Results: A total of 79 patients were included in the study: 39 controls using only standard management (SM) and 40 subjects supplemented with Pycnogenol® 150 mg/day. At inclusion, the two groups were comparable for age, symptoms, Karnofsky performance scale rating and for the management of PD. Likewise, oxidative stress and the presence of peripheral edema were also comparable between the two groups.
No side effects of supplementation were observed. There were no tolerability problems.
At the end of the study after 8 weeks, the Karnofsky performance index was significantly (P<0.05) higher with Pycnogenol® compared to controls. Also, the proportion of patients with a clinically visible peripheral edema decreased significantly over 8 weeks with Pycnogenol® compared to controls. Plasma oxidative stress was significantly lower with Pycnogenol®. The scores of PD main signs/symptoms like tremor, bradykinesia, alterations in cognitive functions, rigidity and speech impairment were significantly lower in the Pycnogenol® group compared to controls. Face expression evaluation showed a marked asymmetry at inclusion.
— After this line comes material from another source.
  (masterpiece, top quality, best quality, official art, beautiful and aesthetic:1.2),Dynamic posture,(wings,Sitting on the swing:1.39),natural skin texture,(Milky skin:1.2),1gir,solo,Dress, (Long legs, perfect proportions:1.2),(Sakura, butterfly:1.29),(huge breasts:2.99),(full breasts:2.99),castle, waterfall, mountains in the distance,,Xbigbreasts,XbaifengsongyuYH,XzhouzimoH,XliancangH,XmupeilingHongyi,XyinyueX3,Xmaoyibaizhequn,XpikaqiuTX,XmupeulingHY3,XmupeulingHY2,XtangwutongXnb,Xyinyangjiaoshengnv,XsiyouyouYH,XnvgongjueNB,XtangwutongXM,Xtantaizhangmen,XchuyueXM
Over 8-week supplementation, facial expression scores for visible and subliminal asymmetry, altered facial responses, altered shoulder motion and altered emotional pattern improved significantly in the Pycnogenol® group compared to controls where the scores did not change significantly.
CONCLUSIONS
In conclusion, Pycnogenol® supplementation helps patients with moderate, well-controlled PD - under stable treatment - to attenuate most signs and symptoms and life-relational aspects associated with Parkinson-related cognitive impairment.
We can now add profound short-term neurologic benefit to an interesting botanical, Pycnogenol, that is used widely at the Kahn Center for its cardiovascular benefits shown in multiple studies.